Bull Path Converts Hedge Fund Into Long Short Mutual Fund

Wednesday, June 24, 2009 : Permalink

West Palm Beach (HedgeCo.net) – Bull Path Capital Management recently announced the conversion of one of its long-short hedge funds into a long-short equity mutual fund the ‘Bull Path Long Short Fund’ (BPFCX).

The newly launched mutual fund ranks #1 of 811 funds on total annualized returns in the Lipper Mid-Cap Universe for the 5 years ending March 31, 2009, may be a “perfect consideration as a core investment for many investors.” He believes the long-short category will increasingly capture investors’ attention because of its typically lower risk levels than long-only funds. BPFCX has also received a top Lipper Leader rating of 5 for capital preservation against all equity mutual funds (9,360 funds).
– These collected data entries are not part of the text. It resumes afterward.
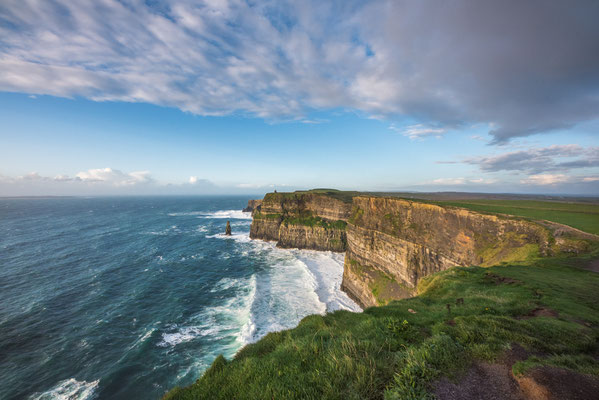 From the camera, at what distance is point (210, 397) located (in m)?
5.52

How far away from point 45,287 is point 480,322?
51710mm

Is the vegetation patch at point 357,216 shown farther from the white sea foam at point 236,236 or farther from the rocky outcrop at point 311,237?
the white sea foam at point 236,236

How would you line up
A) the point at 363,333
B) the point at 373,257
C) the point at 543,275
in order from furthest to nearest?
the point at 373,257
the point at 543,275
the point at 363,333

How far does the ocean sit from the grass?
16.6 m

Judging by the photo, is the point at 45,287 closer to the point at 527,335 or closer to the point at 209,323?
the point at 209,323

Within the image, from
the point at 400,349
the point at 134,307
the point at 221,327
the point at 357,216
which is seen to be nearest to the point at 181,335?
the point at 221,327

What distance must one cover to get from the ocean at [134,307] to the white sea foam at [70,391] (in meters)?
0.08

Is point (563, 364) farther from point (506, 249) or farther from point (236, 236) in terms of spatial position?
point (236, 236)

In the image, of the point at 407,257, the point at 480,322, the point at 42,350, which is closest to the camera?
the point at 480,322

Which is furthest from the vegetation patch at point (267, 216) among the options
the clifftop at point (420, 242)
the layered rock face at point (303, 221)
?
the clifftop at point (420, 242)

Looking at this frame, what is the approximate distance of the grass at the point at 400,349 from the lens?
451 cm

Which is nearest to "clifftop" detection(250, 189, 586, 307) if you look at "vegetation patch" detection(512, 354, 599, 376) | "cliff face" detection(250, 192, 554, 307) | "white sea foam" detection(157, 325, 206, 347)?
"cliff face" detection(250, 192, 554, 307)

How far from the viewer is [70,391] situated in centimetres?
1659

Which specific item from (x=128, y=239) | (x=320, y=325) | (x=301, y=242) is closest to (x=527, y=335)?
(x=320, y=325) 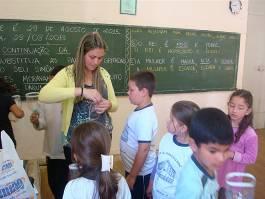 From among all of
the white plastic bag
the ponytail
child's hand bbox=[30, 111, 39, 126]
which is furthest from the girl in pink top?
child's hand bbox=[30, 111, 39, 126]

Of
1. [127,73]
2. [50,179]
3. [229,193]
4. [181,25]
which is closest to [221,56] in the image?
[181,25]

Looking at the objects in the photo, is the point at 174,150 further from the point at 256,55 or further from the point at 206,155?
the point at 256,55

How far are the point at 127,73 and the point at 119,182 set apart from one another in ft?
8.79

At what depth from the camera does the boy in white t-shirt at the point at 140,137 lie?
1846 mm

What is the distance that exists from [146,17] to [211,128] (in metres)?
3.04

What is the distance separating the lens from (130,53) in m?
3.85

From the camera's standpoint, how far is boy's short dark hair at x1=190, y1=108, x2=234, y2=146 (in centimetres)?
107

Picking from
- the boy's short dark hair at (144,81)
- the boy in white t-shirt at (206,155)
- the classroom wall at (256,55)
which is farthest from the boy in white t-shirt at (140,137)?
the classroom wall at (256,55)

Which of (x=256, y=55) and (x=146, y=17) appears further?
(x=256, y=55)

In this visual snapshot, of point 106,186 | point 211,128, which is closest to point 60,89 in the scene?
point 106,186

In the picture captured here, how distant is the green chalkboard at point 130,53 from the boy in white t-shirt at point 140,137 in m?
1.80

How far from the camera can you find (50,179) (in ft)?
7.92

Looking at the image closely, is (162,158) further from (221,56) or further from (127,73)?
(221,56)

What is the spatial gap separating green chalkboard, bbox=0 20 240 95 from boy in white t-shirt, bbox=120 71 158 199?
5.90 feet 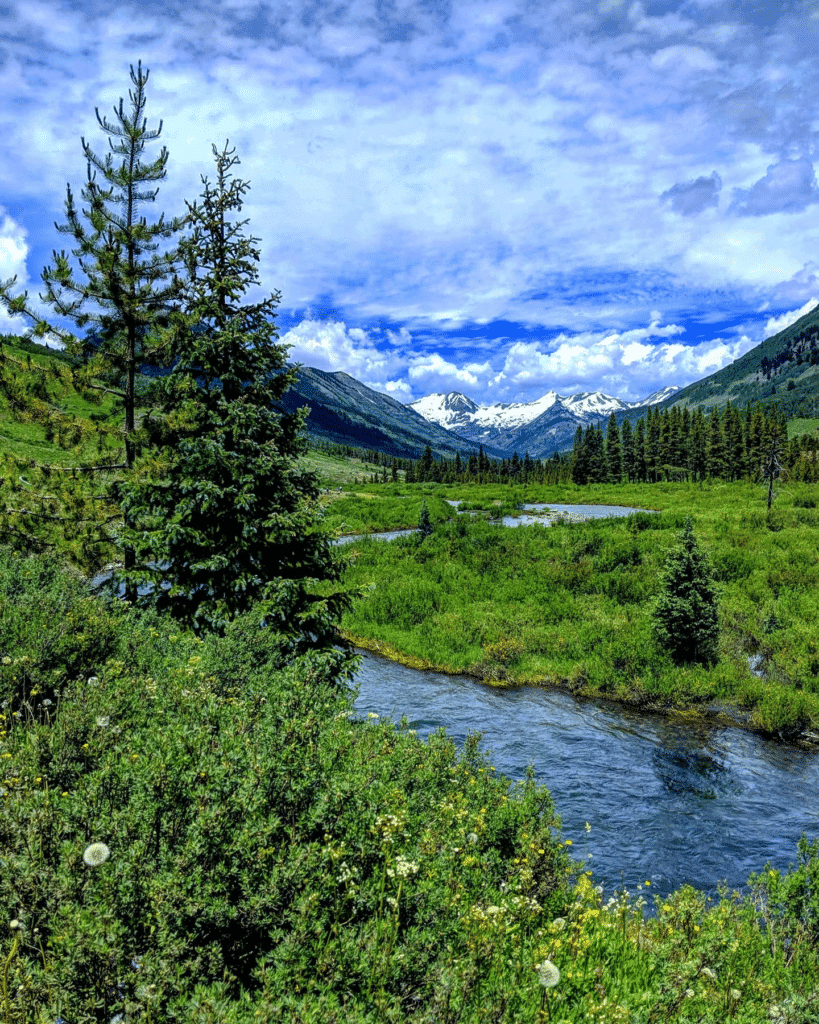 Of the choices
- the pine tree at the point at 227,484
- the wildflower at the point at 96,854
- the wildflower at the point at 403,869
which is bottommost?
the wildflower at the point at 403,869

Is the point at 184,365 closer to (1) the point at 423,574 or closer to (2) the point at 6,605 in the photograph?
(2) the point at 6,605

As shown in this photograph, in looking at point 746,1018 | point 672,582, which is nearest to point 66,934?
point 746,1018

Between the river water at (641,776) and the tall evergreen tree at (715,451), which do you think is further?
the tall evergreen tree at (715,451)

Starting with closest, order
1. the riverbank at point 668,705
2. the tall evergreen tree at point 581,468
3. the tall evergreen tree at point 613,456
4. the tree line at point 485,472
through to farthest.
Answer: the riverbank at point 668,705 → the tall evergreen tree at point 613,456 → the tall evergreen tree at point 581,468 → the tree line at point 485,472

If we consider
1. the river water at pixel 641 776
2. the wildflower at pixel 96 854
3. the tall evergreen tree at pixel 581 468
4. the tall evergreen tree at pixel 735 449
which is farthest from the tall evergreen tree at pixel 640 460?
the wildflower at pixel 96 854

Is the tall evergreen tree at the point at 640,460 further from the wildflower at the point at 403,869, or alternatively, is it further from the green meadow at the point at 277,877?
the wildflower at the point at 403,869

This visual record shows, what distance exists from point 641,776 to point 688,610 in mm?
7139

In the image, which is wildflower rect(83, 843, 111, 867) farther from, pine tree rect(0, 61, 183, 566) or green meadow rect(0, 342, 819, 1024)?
pine tree rect(0, 61, 183, 566)

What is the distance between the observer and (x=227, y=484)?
37.8 ft

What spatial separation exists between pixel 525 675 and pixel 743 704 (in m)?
6.38

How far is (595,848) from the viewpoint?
969cm

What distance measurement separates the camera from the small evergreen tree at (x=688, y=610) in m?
18.0

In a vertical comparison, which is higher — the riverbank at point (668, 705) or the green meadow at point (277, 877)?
the green meadow at point (277, 877)

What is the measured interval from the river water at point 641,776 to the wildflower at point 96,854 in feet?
26.5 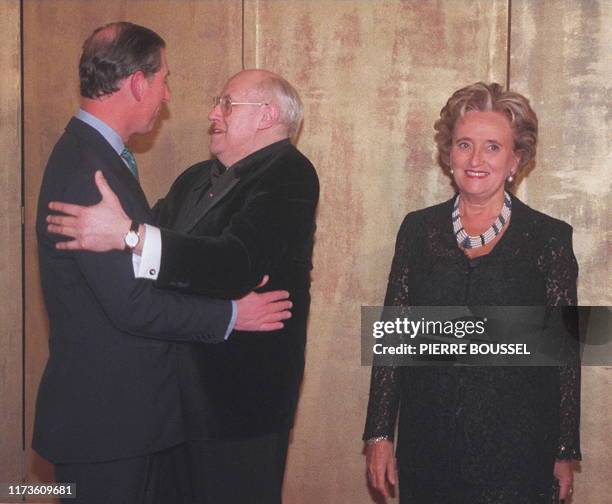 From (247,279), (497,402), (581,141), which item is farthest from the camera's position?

“Investors have been traumatized by the events of the past 18 months, including the sobering performance of many long-only, ‘buy and hold’ strategies, and wondering how and when they can reenter the market,” said Rob Kaimowitz, portfolio manager of the Fund and founder of Bull Path Capital Management. “We believe investors will be attracted to the performance characteristics of long-short funds which aim to capture the market’s upside while mitigating risk in a market sell-off.”
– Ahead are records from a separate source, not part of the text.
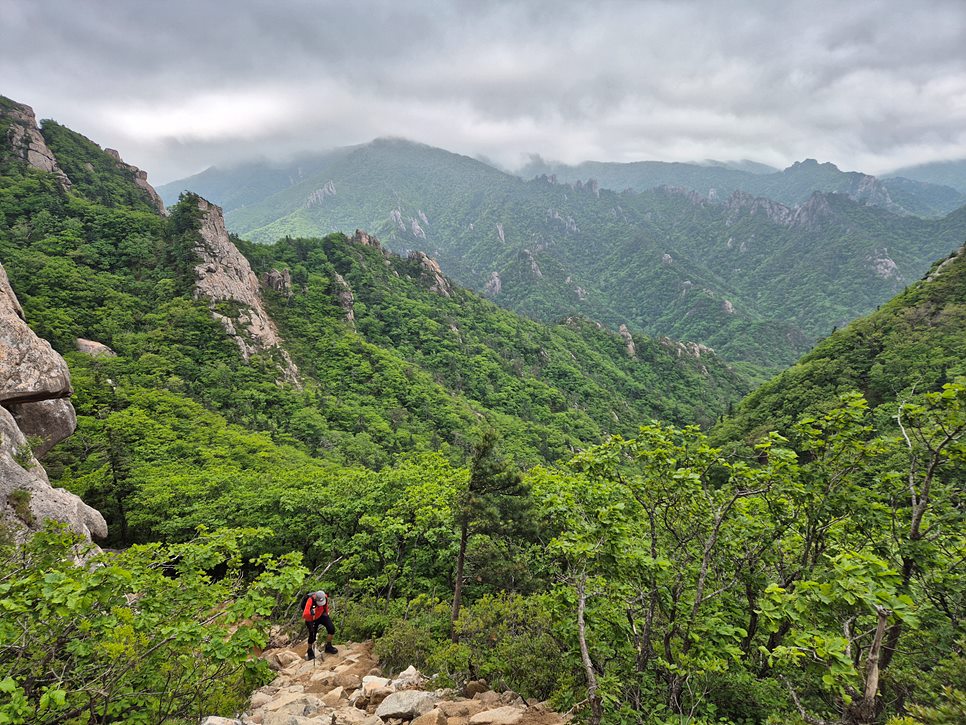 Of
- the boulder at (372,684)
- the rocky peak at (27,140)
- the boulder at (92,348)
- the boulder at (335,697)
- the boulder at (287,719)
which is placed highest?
the rocky peak at (27,140)

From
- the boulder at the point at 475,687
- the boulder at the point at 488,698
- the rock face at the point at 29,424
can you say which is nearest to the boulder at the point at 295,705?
the boulder at the point at 475,687

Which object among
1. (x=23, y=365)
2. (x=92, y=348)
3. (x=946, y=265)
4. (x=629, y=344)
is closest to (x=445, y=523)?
(x=23, y=365)

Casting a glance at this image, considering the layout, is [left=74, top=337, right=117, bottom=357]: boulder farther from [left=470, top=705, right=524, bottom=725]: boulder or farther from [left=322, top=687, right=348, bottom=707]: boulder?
[left=470, top=705, right=524, bottom=725]: boulder

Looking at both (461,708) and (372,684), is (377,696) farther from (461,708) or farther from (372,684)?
(461,708)

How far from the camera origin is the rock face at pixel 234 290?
51.7 m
“Until recently, there have been few mutual funds focused on long-short, and we are one of the few tested strategies in the market today,” noted Kaimowitz. “We believe this strategy makes sense for both individual and institutional investors with a medium- to long-term view of the market.”

In addition, Kaimowitz says investors who may have previously considered long-short hedge funds should consider investing in this strategy through a mutual fund structure owing to such benefits as lower minimum investments, lower fees, full transparency and the assets being held in a trust bank.

“There has been increasing pressure on hedge funds to provide lower fees, greater liquidity and increased portfolio transparency,” noted Kaimowitz. “A mutual fund structure addresses these issues quite well.”

The Bull Path Long Short Fund adopts a strategy developed and run by Bull Path Capital Management since 2002. “One of the hallmarks of our strategy is our ability to reinvest our knowledge through our rigorous, concentrated fundamental analysis in establishing both long and short positions,” said Kaimowitz. “This ability serves us well as we seek to provide investors with consistent returns and high levels of alpha.”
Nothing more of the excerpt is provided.